Many procedures, say factor analysis, regression – automatically drop observations with missing data. Survival analysis procedures don’t work exactly the same way.
I am telling you this because it is a mistake I have seen people make who were familiar with other statistical procedures, and I can only presume in a hurry. Their solution to not knowing the length of survival time for some of their subjects was to drop those for whom the data are unknown.
Let’s try this with a data set I have laying around. I only use those observations for which I have complete data, that is, I know the survival time. It gives me the following information on survival time in days.
Mean Standard Error
360.934 22.183
Quartile Estimates
95% Confidence
Percent Estimate Transform [Lower Upper)
75 532.00 LOGLOG 489.00 612.00
50 308.00 LOGLOG 244.00 393.00
25 167.00 LOGLOG 117.00 193.00
Easy. right? The mean survival time is 360 days. The median is 308 days.
However, this is only using those people for whom we have a survival time. What about the other people? When I include EVERYONE, whether they died or not, I get the following
Mean | Standard Error |
431.466 | 22.506 |
So, is this the correct value then? Are these the correct percentile points?
Percent | Point Estimate |
Transform | [Lower | Upper) |
75 | 652.00 | LOGLOG | 560.00 | 755.00 |
50 | 428.00 | LOGLOG | 341.00 | 512.00 |
25 | 192.00 | LOGLOG | 157.00 | 237.00 |
Well, not exactly.
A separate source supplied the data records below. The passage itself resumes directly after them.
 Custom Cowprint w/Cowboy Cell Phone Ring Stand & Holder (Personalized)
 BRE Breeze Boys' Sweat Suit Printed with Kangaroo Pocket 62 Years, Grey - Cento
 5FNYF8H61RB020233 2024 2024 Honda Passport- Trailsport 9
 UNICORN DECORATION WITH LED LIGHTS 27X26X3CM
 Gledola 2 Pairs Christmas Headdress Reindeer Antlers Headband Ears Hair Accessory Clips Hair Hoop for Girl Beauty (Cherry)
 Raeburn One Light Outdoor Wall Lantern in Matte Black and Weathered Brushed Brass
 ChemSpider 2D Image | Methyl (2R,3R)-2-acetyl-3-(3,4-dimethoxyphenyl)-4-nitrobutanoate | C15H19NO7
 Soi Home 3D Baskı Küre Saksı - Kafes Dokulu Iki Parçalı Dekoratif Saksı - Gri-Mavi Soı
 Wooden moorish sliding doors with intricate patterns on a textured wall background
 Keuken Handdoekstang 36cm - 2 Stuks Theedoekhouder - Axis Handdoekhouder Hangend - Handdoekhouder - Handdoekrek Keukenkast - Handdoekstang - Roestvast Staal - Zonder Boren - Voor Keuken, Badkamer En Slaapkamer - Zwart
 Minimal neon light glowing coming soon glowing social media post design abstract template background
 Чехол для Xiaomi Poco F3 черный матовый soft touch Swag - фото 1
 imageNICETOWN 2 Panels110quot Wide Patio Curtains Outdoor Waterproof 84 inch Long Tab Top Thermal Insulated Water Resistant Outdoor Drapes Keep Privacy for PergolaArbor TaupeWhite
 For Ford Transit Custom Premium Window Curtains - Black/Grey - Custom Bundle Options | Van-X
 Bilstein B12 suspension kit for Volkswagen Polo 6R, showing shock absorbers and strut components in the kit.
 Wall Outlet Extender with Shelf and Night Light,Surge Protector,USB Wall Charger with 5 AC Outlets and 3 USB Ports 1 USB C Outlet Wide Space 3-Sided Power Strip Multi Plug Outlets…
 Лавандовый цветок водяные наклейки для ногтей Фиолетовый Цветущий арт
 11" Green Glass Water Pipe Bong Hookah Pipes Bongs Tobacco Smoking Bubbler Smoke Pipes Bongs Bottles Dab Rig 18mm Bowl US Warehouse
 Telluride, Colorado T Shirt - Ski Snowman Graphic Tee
In fact, if you are using SAS, you will see this helpful note in your log
The mean survival time and its standard error were underestimated because the largest observation was censored and the estimation was restricted to the largest event time.
In my sample data set, 25% of the observations were censored, that is, we don’t know when they died.
Can we then say that the median survival rate really is 428 days? Okay, the mean is not correct because those 25% some of them may have died years later. What about the median? The answer is, “It depends.”
Depends on what, you might ask. Well, it depends on why you don’t know when they died.If they dropped out of your study and you have no idea what happened to them, then I would say that you want to be a bit cautious in your interpretation of both the mean and the median survival rates.
If all of the people who you don’t know how long they lived are censored because your study ended and they were still alive, then I would say, yes, the median survival time is accurate, assuming you had data on all of those people at the beginning and the end of the study.
Although survival analysis is generally thought of as predicting whether one survived in the sense of not dying, it is also used for other applications, such as predicting how long people last in a treatment program, without committing another crime, without drinking or using drugs. In those cases, when people are lost by dropping out of your study and out of sight, I would suspect it is very possible that at least some of those people began drinking, committing crimes or whatever prior to the end of your study. So, when people are censored due to having missing data, I would be a bit skeptical of both the median and the mean, and, as with all data problems, the larger percentage of your sample this affects, the more worried about it I would be.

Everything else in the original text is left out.